Sunday's protest was not about Torah studies, but about life in a sovereign Jewish state. The shtetl approach versus the sovereign approach.
Despite the declarations made during the demonstration, it is permitted to study Torah in the State of Israel. There is no persecutor and no enemy. On the contrary. There has never been such a great amount of learners and of yeshivot in the history of the Jewish people. Such a great amount of learners without a profession. The State of Israel made this possible. It will likely make it possible for them to study Torah in the future as well. There is no one waiting around the corner – not Ahasuerus, not Nebuchadnezzar, and not even a military policeman.
The Shaked Committee did not impose destruction decrees and, as a matter of fact, not even decrees for an equal share of the burden. The only thing that has been created is a new law and an attempt to produce an outward appearance of a drama. Outward appearance is the name of the game. Both as far as the haredi parties are concerned and as far as Yesh Atid members are concerned. The same applies to those from the Chardal (nationalist haredi) faction who took part in the rally.
In the Jewish Halacha there are entire prohibitions for fear of outward appearance: What will the others say, what will the others think in their hearts. The message is important both in the Halacha and in the life of a state. The participation of Israel's chief rabbis in Sunday's protest rally was more problematic than a matter of outward appearance. It contained the sin of the essence.

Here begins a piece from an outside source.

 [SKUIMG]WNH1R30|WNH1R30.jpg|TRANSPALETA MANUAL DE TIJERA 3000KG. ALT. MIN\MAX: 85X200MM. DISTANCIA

The chief rabbis are senior civil servants, part of the symbols of the government and the Israeli sovereignty. One cannot represent the State in the name of comfort and honor – and when it's inconvenient, treat it as the Diaspora. One cannot talk about unity – and take part in a separatism campaign.

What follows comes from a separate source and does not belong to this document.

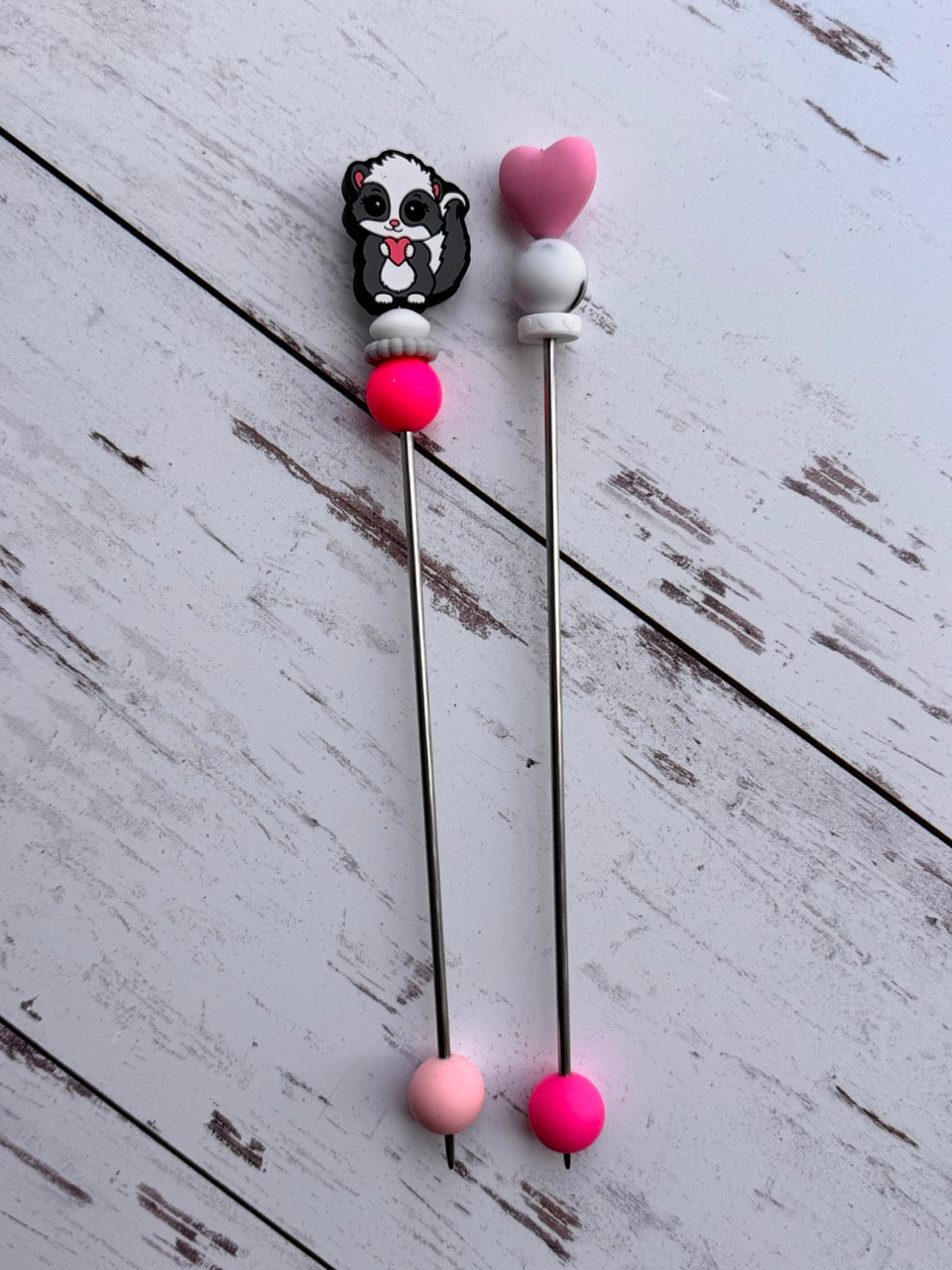 Cute Opossum or Skunk with Heart Pair of Amigurumi Sewing Sticks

About a month and a half ago, when it was revealed that the Chief Rabbinate was active in preventing the enlistment of religious girls with the IDF, their supporters argued that it was "Da'at Torah" (the knowledge of Torah). You can't argue with the Torah, you can't argue with chief rabbis. The Bayit Yehudi (Jewish Home) party didn't want to confront them, other homes failed to show any special interest.
In principle, the majority of the secular public doesn’t care what the chief rabbis say. Most religious Jews tend to ignore them and find other rabbis. The price of this disregard is being paid by Judaism. And so an archaic body, which is supposed to provide religious services to an entire state, continues to represent the political interests of only one sector.
If one is already crying over man-made decrees – they can be found in this mixture between politics and religion, in the ongoing humiliation of Judaism and its institutions.
The chief rabbis' prayer on Sunday will not cancel the new law. It will not do more or less than the others who were there. As for the Rabbinate, there actually is something to pray for.